LORENZO Monaco
(b. ca. 1370, Siena (?), d. ca. 1425, Firenze)

The Flight into Egypt

1405-10
Tempera on poplar, 24 x 39 cm (with frame)
Lindenau-Museum, Altenburg

This panel formed part of a predella, which included a Visitation (Courtauld Galleries, London), a Nativity (Metropolitan Museum of Art, New York), an Adoration of the Magi (Courtauld Galleries, London), and a Flight into Egypt (Lindenau-Museum, Altenburg).
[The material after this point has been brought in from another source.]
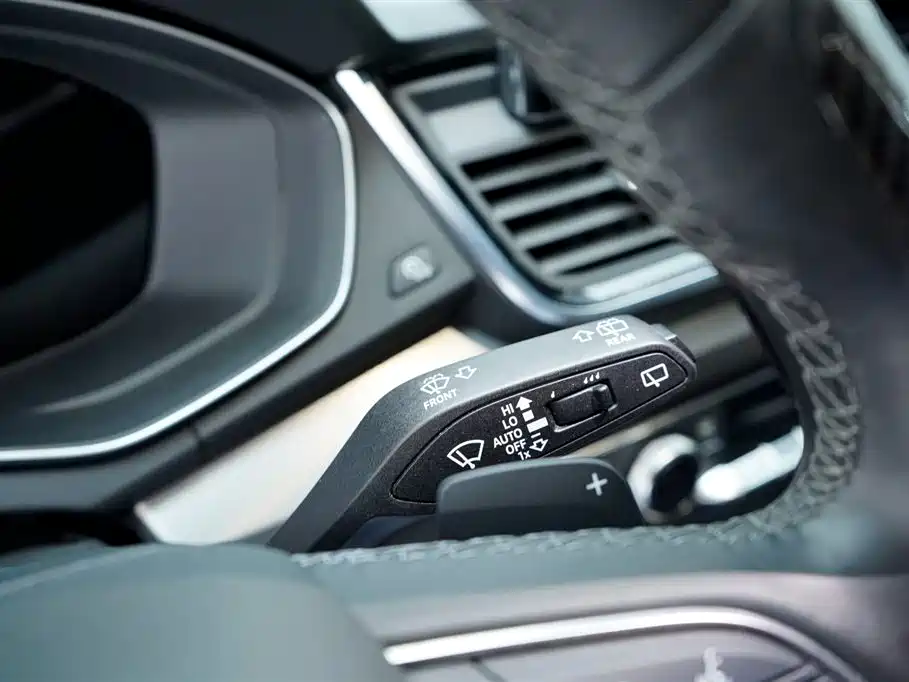 Audi Q5L 2022 40T Luxury Dynamic фото 30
The oblong frame, with a semicircle on every corner and angular projections between them, divides the picture into three parts and Lorenzo Monaco made good use of the possibilities offered by the unusual shape of the frame. He placed the Virgin and her Child-isolated from the other figures-into the central, widest part. The Virgin is riding the ass side-saddle, as though she were sitting on a throne, and she is turned towards us. To indicate the direction of her course, her body is a little bent backwards. The oblique line of her body suggests a straight line between the upper point of the frame and the bottom inward angle on the right, and this diagonal axis is further stressed by the ass's foreleg, stepping forwards, which, continuing the same line, eventually ends in the semicircle. A similar connection between the composition and the frame can be observed in the hindmost leg of the ass and the bottom left semicircle. The oblique line of the leg is a reflected image of the axis which was mentioned previously. The horizontal line of the animal's body links the figures of the Virgin and Joseph, and, at the same time, it separates the Holy Family from the women accompanying them. The palm branches in the hands of the woman in a green cloak, and the drapery falling downwards from her arm, practically creates a line between the top and the bottom angular indentations of the frame. (According to some apocryphal gospels the fleeing Holy Family was nourished by the fruits of a palm-tree bending towards them.) The background, too, separates the left-hand side of the picture from the rest: the escorts proceed among bare, grey rocks, while the Holy Family move through woods: the foliage magically illuminates the semi-darkness.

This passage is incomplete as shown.